Discussion
I looked at self-hosting using a Virtual Private Server (VPS), but there's a saying in the security community: "If you can touch it, you own it." Basically, if somebody at a VPS vendor wants to load malware on a server I'm hosting on their system, there's absolutely no way for me to keep it from happening.
I have Gigabit Fiber to my house, so doing some kind of self-hosting at home seemed doable. Also, I have a couple of sites around the state where I can situate a backup system, so self-hosting a server made sense to me.
I have a TrueNAS Scale server at the house for home media, and I could have just put everything there. But there were a couple of reasons I decided against going that route:
- My home cloud is going to have to be accessible from outside my home network. I really didn't want to expose my TrueNAS Scale server to that security risk.
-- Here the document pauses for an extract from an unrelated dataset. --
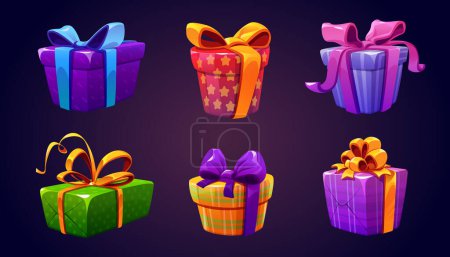 Illustration for Set of closed gift boxes isolated on background. Vector cartoon illustration of colorful striped, dotted and checkered surprise packages decorated with ribbon bows, game reward - Royalty Free Image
- I still don't have that server backed up, partly because I'm not exactly sure how to do so. It's more complex than the normal small Linux machines I'm used to. I don't want to risk losing all of my data because I lose that server.
So, I needed to go with something simpler, something I could easily back up and restore if I had a major failure.
I really like the processing power vs electrical power draw of Raspberry Pi devices, so I decided to put together a Raspberry Pi with a large amount of storage for the house and another at a remote location for backups. I could have gone with a NUC or other type of server, but if I have a failure of the main Pi board, I can just pop the MicroSD/SSD into another Pi and be back up and running ASAP. They don't draw much power, and the amount of data I'll be dealing with is low enough that the bottleneck of using the x1 PCIe buss to the NVME board really isn't that big of a consideration for me. In my case, the 1Gb Internet connection or WiFi 5 AP in my house are likely the real bottlenecks. So, I decided on using a Raspberry Pi 5 setup for my home cloud.